Associate Professor Mak Yuen Teen from the National University of Singapore, a corporate governance expert, has written a number of articles arguing against allowing dual-class shares. He reckoned that it will be difficult to have meaningful safeguards without making dual-class shares so unattractive that there would be few issuers willing to use the structure.
"We need to be aware that institutional investors are generally against it and this will be a real negative from an investor standpoint," Prof Mak said. "We should expect a lot of negative press globally and this may create perceptions that we will do anything to attract more listings."
But the sense on the street may be that the change is inevitable. Ms Yuen Thio said: "SGX would find it difficult to be competitive if it does not open its doors to such companies, not when international stock exchanges like the NYSE have allowed them."

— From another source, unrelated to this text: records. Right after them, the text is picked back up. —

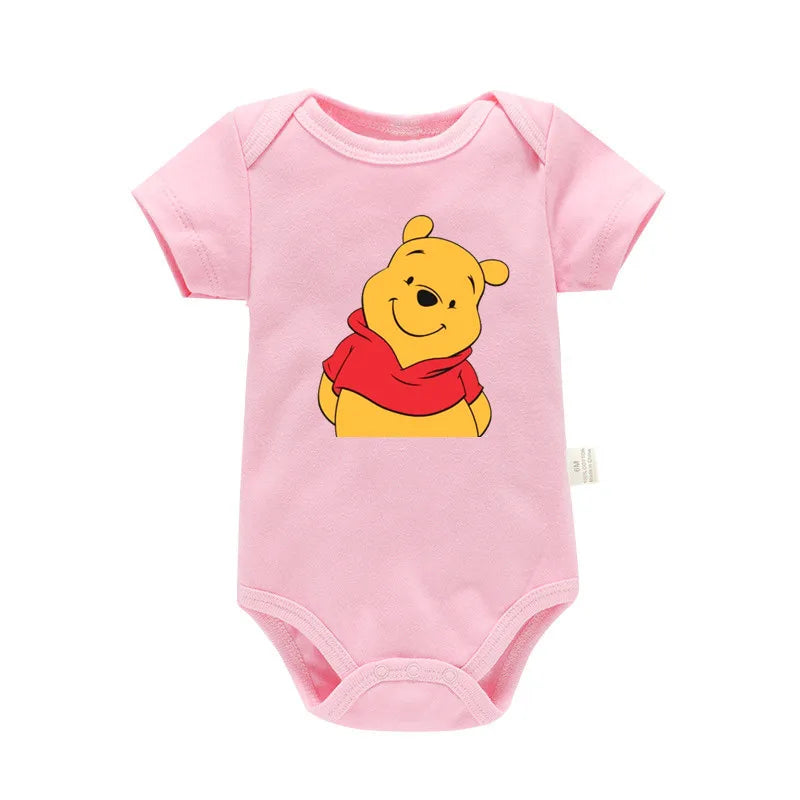 Cute Winnie the Pooh Bear Cartoon Toddler Jumpsuit Baby Girl Boy Black Cotton Clothes Kawaii Summer Newborn Baby Romper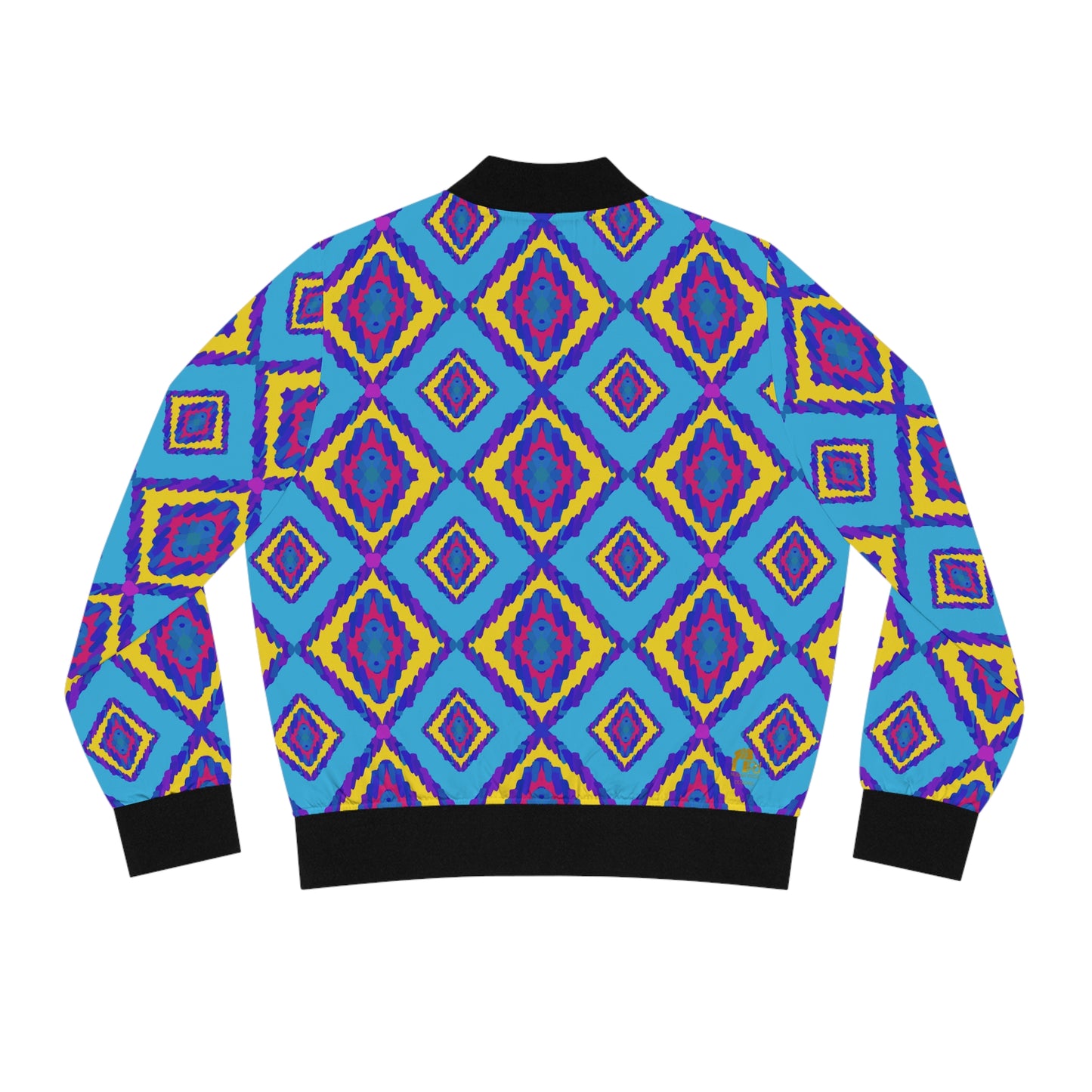 Electric Sky Ikat-Print Unisex Bomber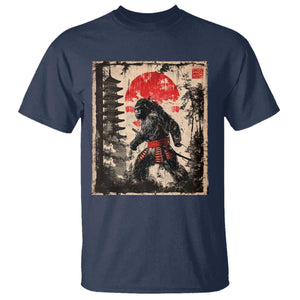 Samurai Bigfoot T Shirt Japanese Vintage Sasquatch Graphic Ukiyo-e Art Funny TS10 Navy Print Your Wear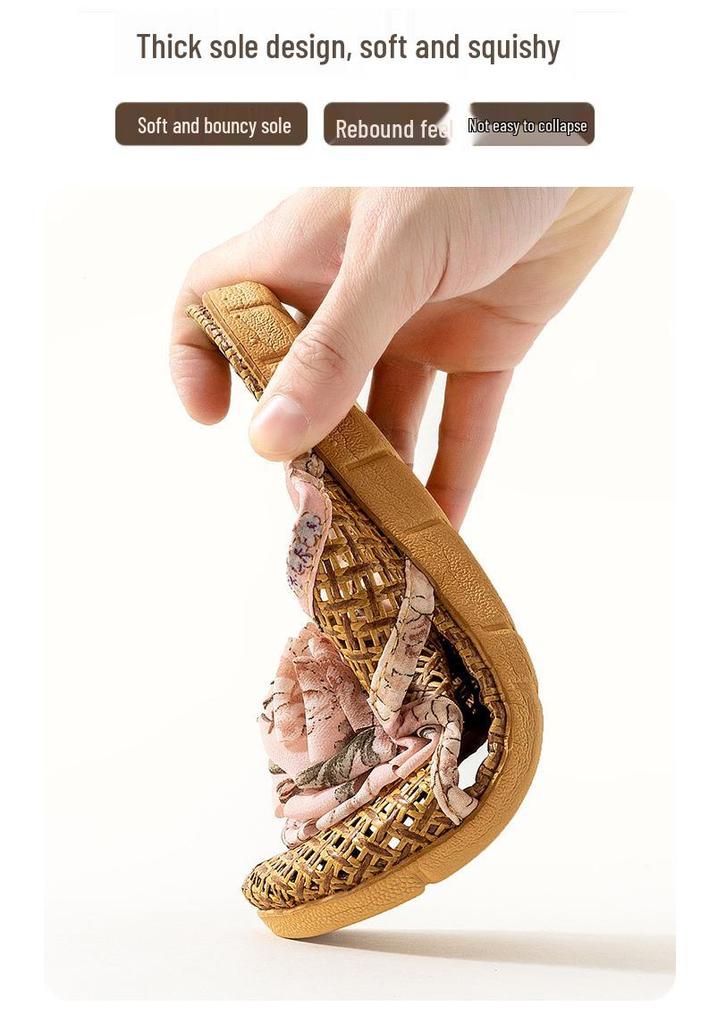 Summer Cool Rattan Mat Slippers - Bowknot Design, Non-Slip Indoor Bamboo Weave, Fish Mouth Style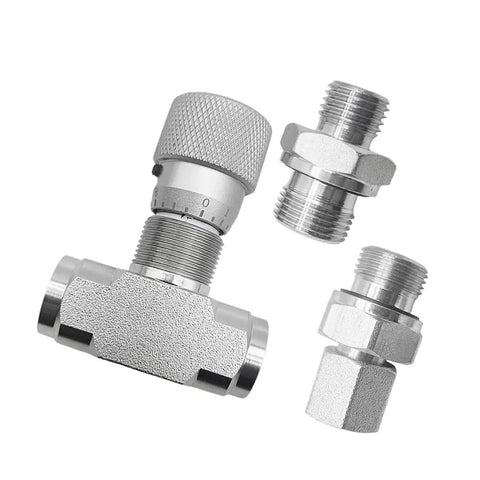 Hydraulic Flow Control Valve For Mini Excavator 1-2 Ton STB-G3/8 Bidirectional Restrictor With Two Sided Connectors in metal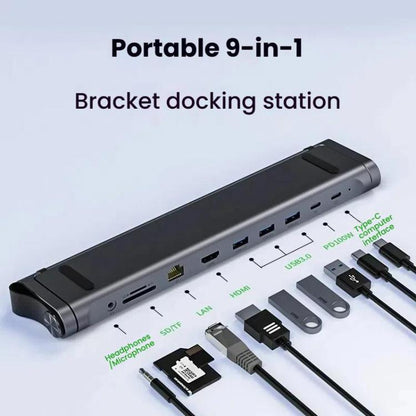 9 In 1 Hub Computer Stand Aluminum Alloy Folding PD Fast Charging With LAN Docking Station Laptop Bracket, 9 In 1 (Dark Metallic Color)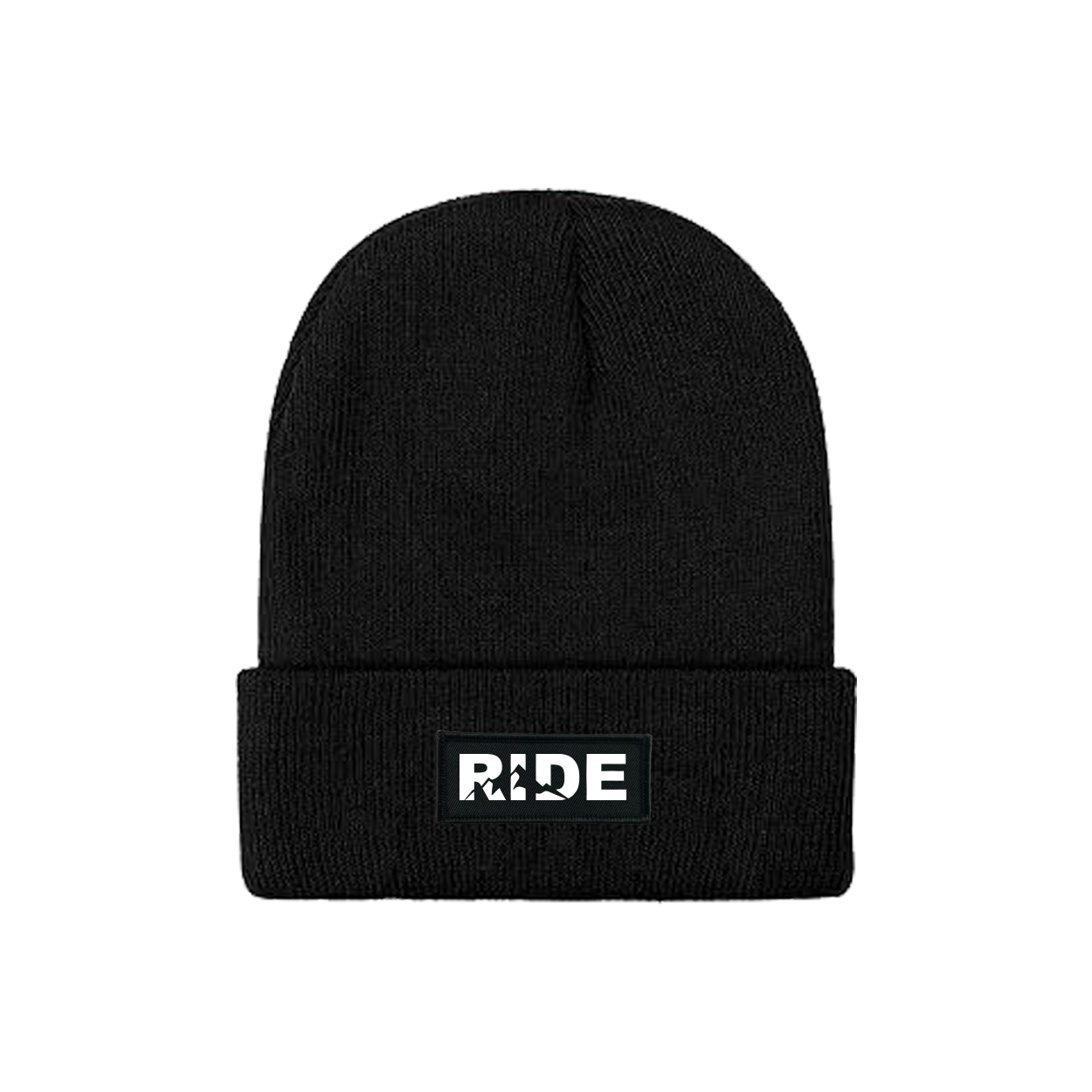 Ride Mountain Logo Night Out Woven Patch Skully Youth Beanie Black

David Gerald, president of the Securities Investors Association of Singapore (Sias), a retail investor advocacy group, noted that dual-class structures are well established in the United States and Europe.
"As a leading financial centre in Asia, Singapore cannot avoid dual-class listings and it also needs to offer these type of fund raising to not only attract companies to list here but also for our own home grown companies," said Mr Gerald, who spoke on behalf of Sias and not the LAC, of which he is a member.
Mr Gerald said it is important to ensure that investors fully understand the features and risks of dual-class structures.
"Investors must understand that they could be buying the 'B Class' shares which comes with no voting rights," he said. "This means they cannot participate in major decisions which will affect the company. Retail investors should, therefore, think very carefully before buying these type of shares."
Regardless of where they stand on the issue of dual-class shares, the observers were of one mind in advocating for safeguards.
Ms Yuen Thio said certain matters should require approval by the audit committee or by a higher percentage of independent directors if certain parties have greater influence over board composition.
She and Prof Mak also pushed for limiting the permanence of special rights.
"There are a variety of special rights attached to dual-class shares," Ms Yuen Thio said. "Some entrench voting rights, giving control to certain shareholders (who are usually the founders). I would recommend that these be reduced over time and should not be entrenched forever."
Prof Mak said all shareholders, on a one-share one-vote basis, should have to vote on a continuation of superior voting rights if there is a change in management. Superior voting shares should also convert to common shares when they are sold to outsiders. Controlling shareholders should also have fiduciary obligations, he said.
Mr Gerald stressed the need to improve public understanding: "Investor education is important for retail investors to know where and how much they should invest according to their own risk profile."